A dynamic nomenclature proposal for SARS-CoV-2 lineages to assist However, on closer inspection, the relative divergences in the phylogenetic tree (Fig. This statement informs us of the possibility that a virus has spilled over from a very rare and shy reptile-looking mammal . Mol. Sequencing from Malayan pangolins collected during anti-smuggling operations in southern China detected coronavirus lineages related to SARS-CoV-2. Posterior rate distributions for MERS-CoV (far left) and HCoV-OC43 (far right) using BEAST on n=27 sequences spread over 4 years (MERS-CoV) and n=27 sequences spread over 49 years (HCoV-OC43). and X.J. and P.L.) PI signals were identified (with bootstrap support >80%) for seven of these eight breakpoints: positions 1,684, 3,046, 9,237, 11,885, 21,753, 22,773 and 24,628. Curr. Nature 579, 265269 (2020). 35, 247251 (2018). Sci. Smuggled pangolins were carrying viruses closely related to the one sweeping the world, say scientists. Scientists trying to trace the ancestry of SARS-CoV-2, the virus responsible for COVID-19, have found the pangolin is unlikely to be the source of the virus responsible for the current pandemic.

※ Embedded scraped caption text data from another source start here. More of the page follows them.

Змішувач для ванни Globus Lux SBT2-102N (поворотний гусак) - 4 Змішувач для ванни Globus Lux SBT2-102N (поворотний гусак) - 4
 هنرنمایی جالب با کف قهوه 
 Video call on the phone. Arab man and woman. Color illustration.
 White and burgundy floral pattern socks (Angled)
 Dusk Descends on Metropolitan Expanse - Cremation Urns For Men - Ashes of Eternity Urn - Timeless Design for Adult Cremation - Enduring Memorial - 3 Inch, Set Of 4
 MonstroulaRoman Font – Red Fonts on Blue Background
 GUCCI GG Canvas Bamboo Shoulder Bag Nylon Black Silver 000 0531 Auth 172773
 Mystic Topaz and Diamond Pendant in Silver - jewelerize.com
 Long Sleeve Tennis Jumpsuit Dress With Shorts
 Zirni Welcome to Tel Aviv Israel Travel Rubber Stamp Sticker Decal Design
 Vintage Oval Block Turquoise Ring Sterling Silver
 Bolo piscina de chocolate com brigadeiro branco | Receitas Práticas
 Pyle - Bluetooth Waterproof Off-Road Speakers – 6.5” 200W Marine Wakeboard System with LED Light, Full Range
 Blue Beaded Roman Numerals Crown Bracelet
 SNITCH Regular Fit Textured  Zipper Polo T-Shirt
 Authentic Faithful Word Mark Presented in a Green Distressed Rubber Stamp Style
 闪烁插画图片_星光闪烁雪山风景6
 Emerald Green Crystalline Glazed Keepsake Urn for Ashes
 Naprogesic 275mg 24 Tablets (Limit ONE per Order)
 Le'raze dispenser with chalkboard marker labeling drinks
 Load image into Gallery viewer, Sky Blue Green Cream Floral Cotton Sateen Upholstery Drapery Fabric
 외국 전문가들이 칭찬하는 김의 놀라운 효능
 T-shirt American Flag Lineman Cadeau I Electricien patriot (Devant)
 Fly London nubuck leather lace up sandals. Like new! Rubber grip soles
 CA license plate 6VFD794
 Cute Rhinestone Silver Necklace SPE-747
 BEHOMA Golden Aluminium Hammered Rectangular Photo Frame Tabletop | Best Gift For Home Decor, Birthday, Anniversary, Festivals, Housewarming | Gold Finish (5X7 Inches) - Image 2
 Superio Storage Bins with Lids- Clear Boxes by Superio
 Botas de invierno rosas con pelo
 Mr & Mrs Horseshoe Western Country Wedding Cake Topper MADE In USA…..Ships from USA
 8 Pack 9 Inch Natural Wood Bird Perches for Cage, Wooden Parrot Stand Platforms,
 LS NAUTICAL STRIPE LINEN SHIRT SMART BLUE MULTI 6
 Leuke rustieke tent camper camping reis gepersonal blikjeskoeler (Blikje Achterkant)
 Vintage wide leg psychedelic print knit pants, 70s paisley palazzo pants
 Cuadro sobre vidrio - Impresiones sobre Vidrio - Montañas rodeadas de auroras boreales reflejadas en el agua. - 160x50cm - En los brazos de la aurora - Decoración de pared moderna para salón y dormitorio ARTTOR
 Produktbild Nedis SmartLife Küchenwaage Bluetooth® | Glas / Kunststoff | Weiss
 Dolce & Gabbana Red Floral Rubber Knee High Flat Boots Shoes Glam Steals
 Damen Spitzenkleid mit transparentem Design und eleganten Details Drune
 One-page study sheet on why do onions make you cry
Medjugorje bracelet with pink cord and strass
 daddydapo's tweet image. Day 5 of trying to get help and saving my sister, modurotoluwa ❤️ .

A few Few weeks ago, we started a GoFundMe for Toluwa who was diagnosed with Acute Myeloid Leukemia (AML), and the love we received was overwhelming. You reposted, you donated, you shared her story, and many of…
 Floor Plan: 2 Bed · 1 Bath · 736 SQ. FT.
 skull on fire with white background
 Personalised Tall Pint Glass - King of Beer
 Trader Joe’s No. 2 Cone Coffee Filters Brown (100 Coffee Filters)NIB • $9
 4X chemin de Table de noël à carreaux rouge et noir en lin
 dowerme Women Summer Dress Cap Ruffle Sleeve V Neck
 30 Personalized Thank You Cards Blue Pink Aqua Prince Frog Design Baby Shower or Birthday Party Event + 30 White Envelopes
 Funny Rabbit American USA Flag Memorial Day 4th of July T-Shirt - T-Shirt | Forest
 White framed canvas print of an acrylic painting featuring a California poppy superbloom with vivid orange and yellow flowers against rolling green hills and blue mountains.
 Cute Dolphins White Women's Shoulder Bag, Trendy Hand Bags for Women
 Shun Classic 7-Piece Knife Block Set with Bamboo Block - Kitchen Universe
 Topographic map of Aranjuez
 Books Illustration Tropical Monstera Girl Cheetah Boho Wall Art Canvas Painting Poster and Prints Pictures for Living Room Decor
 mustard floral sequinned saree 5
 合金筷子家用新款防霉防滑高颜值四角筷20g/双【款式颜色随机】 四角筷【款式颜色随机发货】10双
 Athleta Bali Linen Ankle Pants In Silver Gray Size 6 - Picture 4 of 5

Evolutionary origins of the SARS-CoV-2 sarbecovirus lineage - Nature Anderson, K. G., Rambaut, A., Lipkin, W. I., Holmes, E. C. & Garry, R. F. The proximal origin of SARS-CoV-2. If stopping an outbreak in its early stages is not possibleas was the case for the COVID-19 epidemic in Hubeiidentification of origins and point sources is nevertheless important for containment purposes in other provinces and prevention of future outbreaks. Ji, W., Wang, W., Zhao, X., Zai, J. We focused on these three non-recombining regions/alignments for divergence time estimation; this avoids inappropriate modelling of evolutionary processes with recombination on strictly bifurcating trees, which can result in different artefacts such as homoplasies that inflate branch lengths and lead to apparently longer evolutionary divergence times. PubMed The latter was reconstructed using IQTREE66 v.2.0 under a general time-reversible (GTR) model with a discrete gamma distribution to model inter-site rate variation. By 2009, however, rapid genomic analysis had become a routine component of outbreak response. This is notable because the variable-loop region contains the six key contact residues in the RBD that give SARS-CoV-2 its ACE2-binding specificity27,37. Cell 181, 223227 (2020).